Step 1 – plan a yard sale!

Go through your furniture and possessions on paper and figure out what you’re going to want to move and what you’re going to need at your new place. You might be planning on making some new purchases to fit your new place, so you’re not going to want or need to take that old stuff with you, so why pay someone to move it?

Also – don’t forget to get rid of things that you don’t use or won’t plan to use anymore. For instance; planning to move from Boston to Wilmington? You’re not going to need that snow shovel here!

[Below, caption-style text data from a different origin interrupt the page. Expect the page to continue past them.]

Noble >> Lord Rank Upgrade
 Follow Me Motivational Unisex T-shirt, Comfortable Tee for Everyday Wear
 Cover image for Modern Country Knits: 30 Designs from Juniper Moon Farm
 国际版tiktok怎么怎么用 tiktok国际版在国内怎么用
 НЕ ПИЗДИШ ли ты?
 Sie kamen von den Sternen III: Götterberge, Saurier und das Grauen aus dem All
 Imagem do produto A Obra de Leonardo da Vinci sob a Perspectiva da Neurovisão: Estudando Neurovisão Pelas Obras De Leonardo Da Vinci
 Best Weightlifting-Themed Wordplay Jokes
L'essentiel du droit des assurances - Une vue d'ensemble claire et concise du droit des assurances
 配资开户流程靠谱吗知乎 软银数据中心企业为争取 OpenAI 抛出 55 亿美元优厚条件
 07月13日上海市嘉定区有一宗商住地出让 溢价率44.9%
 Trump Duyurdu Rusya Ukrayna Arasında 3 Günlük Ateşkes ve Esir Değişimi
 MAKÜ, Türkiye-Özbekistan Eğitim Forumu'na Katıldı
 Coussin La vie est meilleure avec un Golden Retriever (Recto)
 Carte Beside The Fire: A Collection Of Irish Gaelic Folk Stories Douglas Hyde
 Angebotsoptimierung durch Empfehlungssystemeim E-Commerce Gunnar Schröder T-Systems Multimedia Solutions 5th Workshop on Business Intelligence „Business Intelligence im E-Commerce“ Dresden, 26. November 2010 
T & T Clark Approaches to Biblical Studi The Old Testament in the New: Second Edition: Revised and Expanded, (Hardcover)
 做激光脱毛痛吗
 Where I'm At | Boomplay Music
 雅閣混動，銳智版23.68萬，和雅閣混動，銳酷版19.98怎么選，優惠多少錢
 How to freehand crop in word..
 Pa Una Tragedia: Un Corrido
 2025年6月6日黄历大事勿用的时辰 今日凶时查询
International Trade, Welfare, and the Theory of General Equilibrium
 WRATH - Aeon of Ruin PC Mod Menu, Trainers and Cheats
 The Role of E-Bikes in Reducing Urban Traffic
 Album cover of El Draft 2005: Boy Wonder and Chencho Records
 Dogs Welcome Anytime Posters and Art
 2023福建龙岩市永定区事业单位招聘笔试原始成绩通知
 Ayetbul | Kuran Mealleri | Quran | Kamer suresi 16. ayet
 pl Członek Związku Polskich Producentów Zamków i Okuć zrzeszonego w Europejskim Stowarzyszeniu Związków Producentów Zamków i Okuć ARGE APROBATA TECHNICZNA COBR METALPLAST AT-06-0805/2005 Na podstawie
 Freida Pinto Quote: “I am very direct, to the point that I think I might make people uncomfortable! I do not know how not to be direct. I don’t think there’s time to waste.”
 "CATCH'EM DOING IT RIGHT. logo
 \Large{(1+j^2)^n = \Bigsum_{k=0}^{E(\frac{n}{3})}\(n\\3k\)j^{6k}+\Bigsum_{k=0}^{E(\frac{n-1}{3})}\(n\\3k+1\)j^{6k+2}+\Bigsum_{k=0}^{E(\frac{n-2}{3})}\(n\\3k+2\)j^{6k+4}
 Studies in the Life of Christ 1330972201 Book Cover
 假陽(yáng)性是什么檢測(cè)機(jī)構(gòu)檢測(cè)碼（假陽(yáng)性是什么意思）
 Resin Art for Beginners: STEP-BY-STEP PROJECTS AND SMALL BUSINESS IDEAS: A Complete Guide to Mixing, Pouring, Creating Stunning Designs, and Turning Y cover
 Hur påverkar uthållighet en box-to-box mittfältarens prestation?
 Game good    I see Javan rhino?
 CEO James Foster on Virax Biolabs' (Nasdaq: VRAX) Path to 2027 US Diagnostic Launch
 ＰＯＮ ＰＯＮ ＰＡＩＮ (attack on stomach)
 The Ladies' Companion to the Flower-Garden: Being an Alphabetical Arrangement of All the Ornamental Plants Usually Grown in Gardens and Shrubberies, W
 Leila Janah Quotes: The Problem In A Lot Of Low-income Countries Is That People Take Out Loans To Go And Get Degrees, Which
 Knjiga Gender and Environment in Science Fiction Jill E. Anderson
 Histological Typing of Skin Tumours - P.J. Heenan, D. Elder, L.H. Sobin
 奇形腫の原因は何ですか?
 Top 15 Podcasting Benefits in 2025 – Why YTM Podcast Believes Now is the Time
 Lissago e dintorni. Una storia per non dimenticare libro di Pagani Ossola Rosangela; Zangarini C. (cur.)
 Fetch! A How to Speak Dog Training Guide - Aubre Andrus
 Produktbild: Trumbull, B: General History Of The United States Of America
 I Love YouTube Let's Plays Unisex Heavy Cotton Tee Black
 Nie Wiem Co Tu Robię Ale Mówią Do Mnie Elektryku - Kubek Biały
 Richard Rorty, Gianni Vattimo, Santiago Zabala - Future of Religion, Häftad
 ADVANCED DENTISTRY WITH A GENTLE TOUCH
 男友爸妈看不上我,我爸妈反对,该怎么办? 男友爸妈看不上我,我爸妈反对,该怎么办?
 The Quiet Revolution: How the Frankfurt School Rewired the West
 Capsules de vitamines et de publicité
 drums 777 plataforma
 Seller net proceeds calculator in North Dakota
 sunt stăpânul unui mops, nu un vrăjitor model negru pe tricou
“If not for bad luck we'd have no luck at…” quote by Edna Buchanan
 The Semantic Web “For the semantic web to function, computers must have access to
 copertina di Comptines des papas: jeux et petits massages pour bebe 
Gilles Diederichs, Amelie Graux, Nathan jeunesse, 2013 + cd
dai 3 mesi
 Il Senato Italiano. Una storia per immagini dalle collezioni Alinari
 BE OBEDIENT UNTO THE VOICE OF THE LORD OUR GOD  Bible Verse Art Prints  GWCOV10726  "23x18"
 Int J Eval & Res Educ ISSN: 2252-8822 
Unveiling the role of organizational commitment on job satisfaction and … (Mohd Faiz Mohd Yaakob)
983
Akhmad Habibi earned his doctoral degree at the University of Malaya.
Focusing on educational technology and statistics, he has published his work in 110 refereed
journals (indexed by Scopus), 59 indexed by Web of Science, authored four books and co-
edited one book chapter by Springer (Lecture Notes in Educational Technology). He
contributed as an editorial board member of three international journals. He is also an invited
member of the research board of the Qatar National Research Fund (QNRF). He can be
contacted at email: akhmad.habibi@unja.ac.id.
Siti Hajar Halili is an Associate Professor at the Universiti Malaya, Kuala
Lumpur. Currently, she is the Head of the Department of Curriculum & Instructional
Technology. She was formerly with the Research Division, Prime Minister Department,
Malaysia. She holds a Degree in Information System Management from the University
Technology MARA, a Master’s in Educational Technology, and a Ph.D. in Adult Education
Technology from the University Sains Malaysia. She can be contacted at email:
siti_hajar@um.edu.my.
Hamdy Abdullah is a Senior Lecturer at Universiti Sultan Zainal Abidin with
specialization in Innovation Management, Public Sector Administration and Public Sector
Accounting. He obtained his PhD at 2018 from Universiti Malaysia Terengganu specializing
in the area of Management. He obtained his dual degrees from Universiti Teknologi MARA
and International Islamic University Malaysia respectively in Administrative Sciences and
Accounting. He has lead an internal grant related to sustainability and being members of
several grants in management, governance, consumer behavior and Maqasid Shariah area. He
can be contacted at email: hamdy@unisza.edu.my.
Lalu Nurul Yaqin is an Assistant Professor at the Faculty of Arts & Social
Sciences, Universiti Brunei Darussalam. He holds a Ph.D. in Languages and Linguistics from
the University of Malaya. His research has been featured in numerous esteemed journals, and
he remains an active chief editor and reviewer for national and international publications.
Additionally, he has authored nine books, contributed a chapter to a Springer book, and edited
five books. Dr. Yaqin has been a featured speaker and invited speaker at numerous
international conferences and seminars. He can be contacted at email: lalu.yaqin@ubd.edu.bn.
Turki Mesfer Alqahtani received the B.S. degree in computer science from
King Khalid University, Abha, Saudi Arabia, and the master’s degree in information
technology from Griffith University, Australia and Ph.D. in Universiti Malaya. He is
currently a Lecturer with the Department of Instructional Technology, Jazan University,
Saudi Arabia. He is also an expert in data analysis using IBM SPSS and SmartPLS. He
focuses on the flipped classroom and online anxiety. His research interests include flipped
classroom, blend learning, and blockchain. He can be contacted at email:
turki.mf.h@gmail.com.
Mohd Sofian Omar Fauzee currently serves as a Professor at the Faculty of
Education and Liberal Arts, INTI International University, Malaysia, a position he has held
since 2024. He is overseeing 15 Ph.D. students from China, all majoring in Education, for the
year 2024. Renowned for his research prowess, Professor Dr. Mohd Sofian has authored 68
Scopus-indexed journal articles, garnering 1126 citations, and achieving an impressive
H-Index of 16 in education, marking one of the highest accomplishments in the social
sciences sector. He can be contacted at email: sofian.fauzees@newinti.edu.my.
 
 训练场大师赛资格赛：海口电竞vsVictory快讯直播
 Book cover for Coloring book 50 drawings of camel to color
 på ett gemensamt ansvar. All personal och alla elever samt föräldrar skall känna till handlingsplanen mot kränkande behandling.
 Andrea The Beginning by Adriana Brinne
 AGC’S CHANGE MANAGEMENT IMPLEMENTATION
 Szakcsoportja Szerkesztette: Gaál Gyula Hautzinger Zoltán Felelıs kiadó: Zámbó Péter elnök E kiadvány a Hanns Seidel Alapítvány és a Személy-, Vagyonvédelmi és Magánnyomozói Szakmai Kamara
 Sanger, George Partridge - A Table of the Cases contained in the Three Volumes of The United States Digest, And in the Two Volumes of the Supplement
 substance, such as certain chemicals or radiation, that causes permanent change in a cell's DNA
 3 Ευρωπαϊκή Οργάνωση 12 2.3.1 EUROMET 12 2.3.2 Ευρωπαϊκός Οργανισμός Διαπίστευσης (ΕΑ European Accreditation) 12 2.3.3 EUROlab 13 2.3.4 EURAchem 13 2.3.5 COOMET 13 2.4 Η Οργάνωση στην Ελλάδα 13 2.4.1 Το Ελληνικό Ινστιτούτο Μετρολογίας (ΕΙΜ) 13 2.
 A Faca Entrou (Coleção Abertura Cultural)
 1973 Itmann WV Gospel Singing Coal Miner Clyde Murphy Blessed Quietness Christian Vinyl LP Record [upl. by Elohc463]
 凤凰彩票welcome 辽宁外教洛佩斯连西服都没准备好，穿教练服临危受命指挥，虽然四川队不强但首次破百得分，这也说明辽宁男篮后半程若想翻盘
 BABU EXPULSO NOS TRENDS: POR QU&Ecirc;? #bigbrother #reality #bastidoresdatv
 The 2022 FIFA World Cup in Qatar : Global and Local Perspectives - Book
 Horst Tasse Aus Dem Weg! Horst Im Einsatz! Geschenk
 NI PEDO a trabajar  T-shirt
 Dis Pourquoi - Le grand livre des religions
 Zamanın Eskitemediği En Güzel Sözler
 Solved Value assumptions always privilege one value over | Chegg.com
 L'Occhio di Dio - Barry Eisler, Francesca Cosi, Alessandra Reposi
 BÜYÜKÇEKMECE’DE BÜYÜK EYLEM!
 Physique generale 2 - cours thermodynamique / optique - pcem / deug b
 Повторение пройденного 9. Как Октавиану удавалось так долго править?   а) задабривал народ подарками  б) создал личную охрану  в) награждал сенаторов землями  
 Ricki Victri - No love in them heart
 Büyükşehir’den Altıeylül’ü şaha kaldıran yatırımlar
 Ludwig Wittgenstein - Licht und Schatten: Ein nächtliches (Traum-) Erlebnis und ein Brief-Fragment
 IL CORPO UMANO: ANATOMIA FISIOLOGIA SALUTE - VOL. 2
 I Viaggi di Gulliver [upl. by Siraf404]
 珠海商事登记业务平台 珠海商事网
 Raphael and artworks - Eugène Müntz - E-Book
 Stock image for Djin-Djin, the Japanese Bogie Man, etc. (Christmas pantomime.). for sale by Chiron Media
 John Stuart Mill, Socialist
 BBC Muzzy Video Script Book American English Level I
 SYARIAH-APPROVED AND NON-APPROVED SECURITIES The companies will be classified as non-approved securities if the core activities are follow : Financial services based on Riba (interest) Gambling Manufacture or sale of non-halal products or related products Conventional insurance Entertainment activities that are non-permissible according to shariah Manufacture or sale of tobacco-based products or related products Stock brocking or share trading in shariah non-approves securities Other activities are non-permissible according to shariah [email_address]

Step 2 – get estimates from movers

Once you’ve planned your yard sale and know approximately how much you’re going to be moving, you’ll want to get started on hiring a mover. On that note – they may be expensive, but this is something that is totally worth the cost. Moving (the planning, the closing, the coordinating) is enough to deal with on its own; you’re not going to want that extra stress of physical exhaustion on top of that. If your friends and family want to help – by all means, put them to work! Just have them help box up personal belongings and/or help you unpack and decorate. That’s the fun part! Movers know what they’re doing and they do it quickly and efficiently. While looking for a mover, be sure to not only compare multiple companies, but also look for movers that are licensed and bonded and insured. This will give you some assurance that these guys are able to safely move your belongings, but also legally drive them to your destination!

Step 3 – Boxes!

This is something that you don’t want to skimp on. Your well-meaning family and friends may suggest that you get some boxes at the grocery store or use some old boxes they have in their basement. Don’t. You can try to find a good deal on used moving boxes on your local Craigslist page or something, just make sure they’ve only been used once or twice (they’ll start to lose their sturdiness) and that they’re true “moving boxes.” You wouldn’t want to put your grandmother’s china in a distressed, broken box, would you? The right moving boxes can be expensive, but not as expensive as replacing your valuables. Also – you’ll see different types of boxes (small, medium, large, dish packs and wardrobes notably). Use these boxes accordingly! They’ll make packing, moving and unpacking MUCH easier. Wardrobe boxes are exactly as they sound – for your clothes. They are tall and have a metal bar that you can hang your clothes on, with room below to throw in socks, t-shirts and such. Dish packs, like wardrobe boxes are also very sturdy and like their name suggests, they’re for dishes. And when you’re packing your dishes and other valuables – be sure to use packing paper. Don’t use newspaper!!! I repeat – do NOT use newspaper! You might find that the print will rub off on your plates, glasses and whatever else it touches. Not to mention, your hands will be black by the time you’ve finished packing/unpacking the box. You can find packing paper at Lowe’s, Home Depot and any moving supply company. It’s not expensive and completely worth the cost.

Step 4 – Start packing

Start with the items that you will not need to use in the coming weeks. I.e. – décor and frames and any off season clothing. As the weeks go by, you’ll start to recognize other things you may not need until you unpack at your new place. And those suitcases – you’ll need to save those for the move. Think of the week leading up to and the week following your move as a vacation (haha – not really, right?). You’ll pack your bags with clothes and items needed only for those weeks.

Step 5 – Notify

Notify neighbors, friends, family and the post office of your new address so that you will not lose any correspondence. On this note – be sure that your bank and any other important accounts are notified of your new address because your mail will only be forwarded temporarily.

Step 6 – Utilities

No later than two weeks prior to your move – notify your old utility accounts that you will either be stopping or transferring service. If you have to set up a new account at your new home, be sure to know what you need to provide to do this. They may require your HUD statement to prove that you do, in fact live at the location provided (they will understand that you may not be able to provide this until the day of closing). And be sure to set this up in plenty of time. Some power companies require a few days’ notice and you’re not going to be a happy camper if you’re… well, camping out in your new house after a long day of moving.

Step 7 - Food

What to do with all of the food in your fridge and pantry? In the last weeks preceding your move, be sure to plan your meals around the food you have. Depending on where you’re moving (in town – cross country), you may not be able to take much with you, but try not to waste it! Then, the day of or before your move, you can ask neighbors if they need that dozen of eggs or carton of milk.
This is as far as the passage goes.